Reiner_Nippes · January 10, 2020, 5:31pm

it should look like this:

https://docs.nextcloud.com/server/17/admin_manual/installation/nginx.html#nextcloud-in-the-webroot-of-nginx

with lines like this:

    location ~ ^\/(?:index|remote|public|cron|core\/ajax\/update|status|ocs\/v[12]|updater\/.+|oc[ms]-provider\/.+)\.php(?:$|\/) {
        fastcgi_split_path_info ^(.+?\.php)(\/.*|)$;
        set $path_info $fastcgi_path_info;
        try_files $fastcgi_script_name =404;

charles.martin · January 10, 2020, 6:33pm

I shouldn’t ask this but could someone help with my problem here : Nextcloud in docker behind nginx as reverse proxy
It has been there for a long time and no one looked at it.
It is a very similar issue with docker and nginx reverse proxy.
Thank you

droidhackzor · January 10, 2020, 6:37pm

that’s pretty much the same as this post charles. this one just combines a bunch of the issues with running both nextcloud, collabora and nginx-rp

droidhackzor · January 10, 2020, 6:44pm

What kind of system are you using for hosting of the appliances?
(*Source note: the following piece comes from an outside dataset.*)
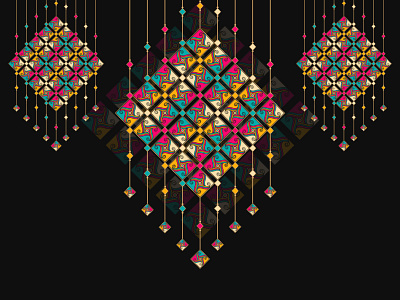 Geometrical Zen Mandala Design arabic background circle colorful decorative design geomatric graphic design illustration indian mandala mandala art mandala backgound shape square textile vector zen
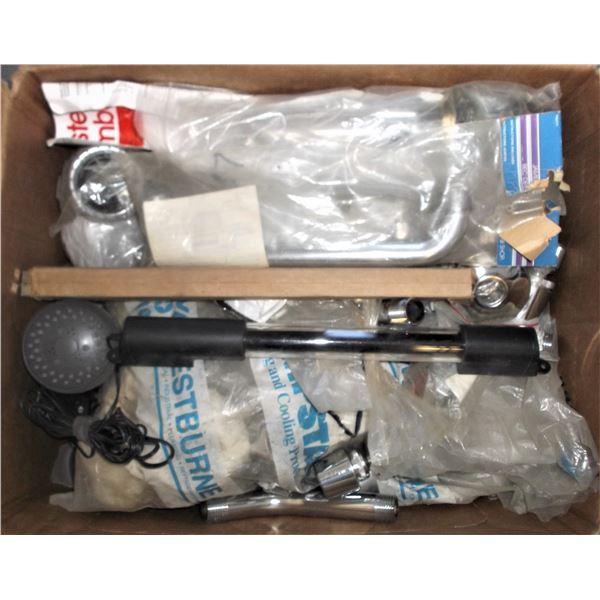 Box of Plumbing Items - See Photo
The only reason I ask is that if it’s unraid, then you can create a new docker network and without changing the containers too much move them over to the new network and they all should be able to talk to eachother

droidhackzor · January 10, 2020, 6:54pm

reiner:

at this point, i’m concidering moving to a different container, i am wondering if some of the problems are steming from the build of the container linuxserver/nextcloud repo from linuxserver.io though i have no proof. i will try the container strait from dockerhub instead of the one from the unraid list.